-- RECORDS PROVIDED follows --
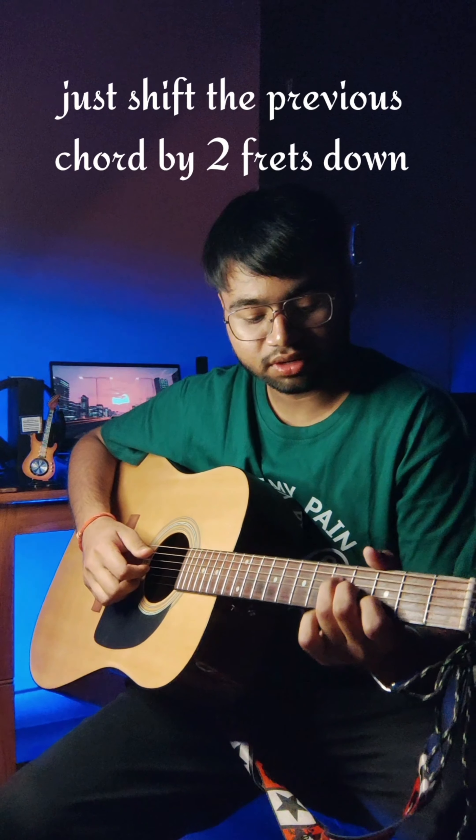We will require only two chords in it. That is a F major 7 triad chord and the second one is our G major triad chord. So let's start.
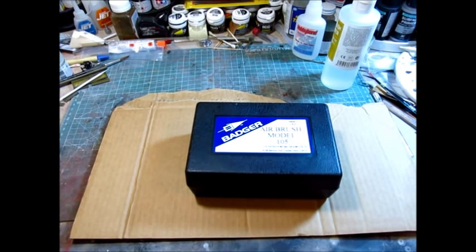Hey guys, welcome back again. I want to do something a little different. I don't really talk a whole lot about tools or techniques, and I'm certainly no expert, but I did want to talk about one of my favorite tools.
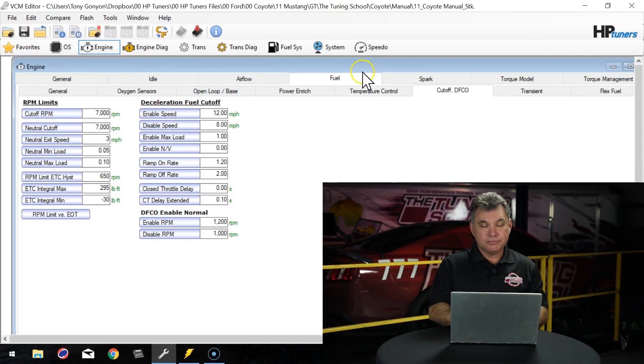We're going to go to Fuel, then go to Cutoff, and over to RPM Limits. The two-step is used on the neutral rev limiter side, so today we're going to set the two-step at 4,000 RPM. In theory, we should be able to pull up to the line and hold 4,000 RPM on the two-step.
-- RECORDS PROVIDED concluded --
-- RECORDS PROVIDED follows --
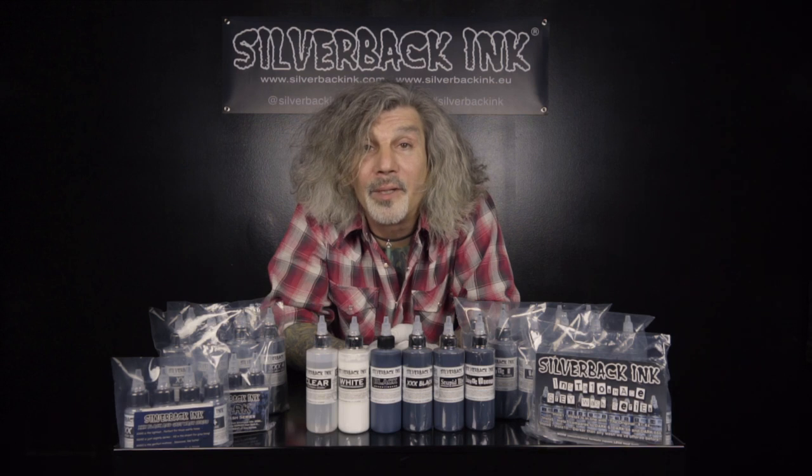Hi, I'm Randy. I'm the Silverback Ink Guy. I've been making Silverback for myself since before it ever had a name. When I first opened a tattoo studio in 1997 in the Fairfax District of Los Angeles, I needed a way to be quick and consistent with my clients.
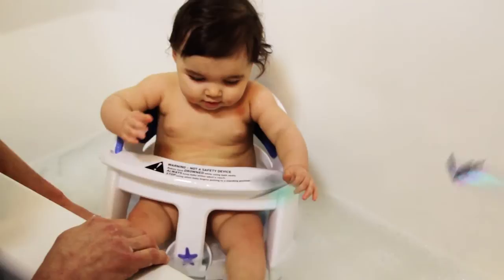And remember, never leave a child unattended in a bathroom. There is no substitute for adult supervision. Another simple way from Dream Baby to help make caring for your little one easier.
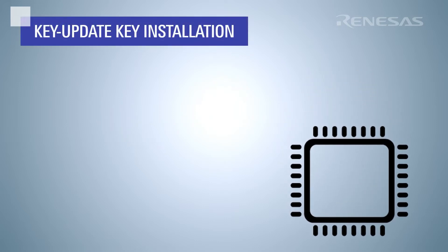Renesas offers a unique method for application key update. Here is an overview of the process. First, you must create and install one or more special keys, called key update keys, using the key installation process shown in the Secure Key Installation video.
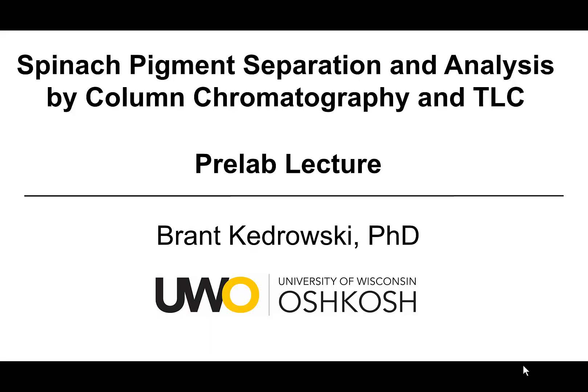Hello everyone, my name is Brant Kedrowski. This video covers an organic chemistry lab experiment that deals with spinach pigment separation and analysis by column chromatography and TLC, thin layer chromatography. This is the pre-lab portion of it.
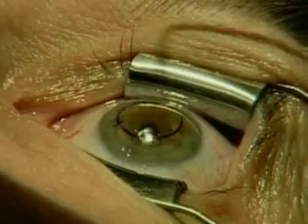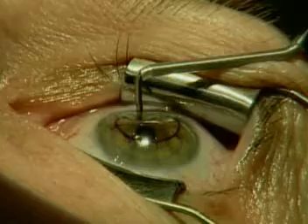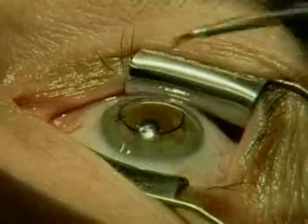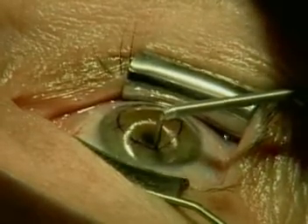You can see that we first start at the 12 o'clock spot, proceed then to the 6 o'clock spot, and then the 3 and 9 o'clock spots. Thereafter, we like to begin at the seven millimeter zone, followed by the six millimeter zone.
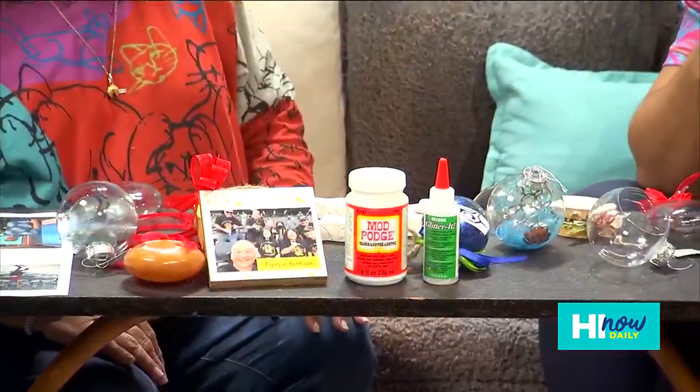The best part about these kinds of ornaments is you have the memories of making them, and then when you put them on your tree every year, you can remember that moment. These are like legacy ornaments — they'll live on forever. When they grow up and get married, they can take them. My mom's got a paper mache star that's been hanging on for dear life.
-- RECORDS PROVIDED concluded --
-- RECORDS PROVIDED follows --
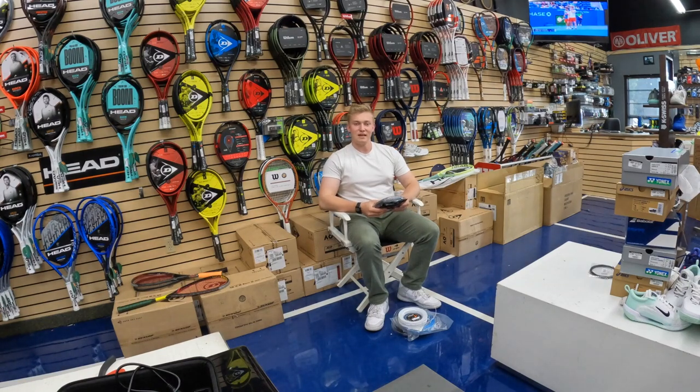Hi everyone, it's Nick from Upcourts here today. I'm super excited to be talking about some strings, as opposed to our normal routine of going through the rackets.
-- RECORDS PROVIDED concluded --
▶ _ABOUT THIS EXERCISE_:
In the listing above, find the line with "Hello everyone, my" and the line with "The best part". Copy exactly those two and every line between, without the pictures.

▶ _COMPLETED EXERCISE_:
Hello everyone, my name is Brant Kedrowski. This video covers an organic chemistry lab experiment that deals with spinach pigment separation and analysis by column chromatography and TLC, thin layer chromatography. This is the pre-lab portion of it.
You can see that we first start at the 12 o'clock spot, proceed then to the 6 o'clock spot, and then the 3 and 9 o'clock spots. Thereafter, we like to begin at the seven millimeter zone, followed by the six millimeter zone.
The best part about these kinds of ornaments is you have the memories of making them, and then when you put them on your tree every year, you can remember that moment. These are like legacy ornaments — they'll live on forever. When they grow up and get married, they can take them. My mom's got a paper mache star that's been hanging on for dear life.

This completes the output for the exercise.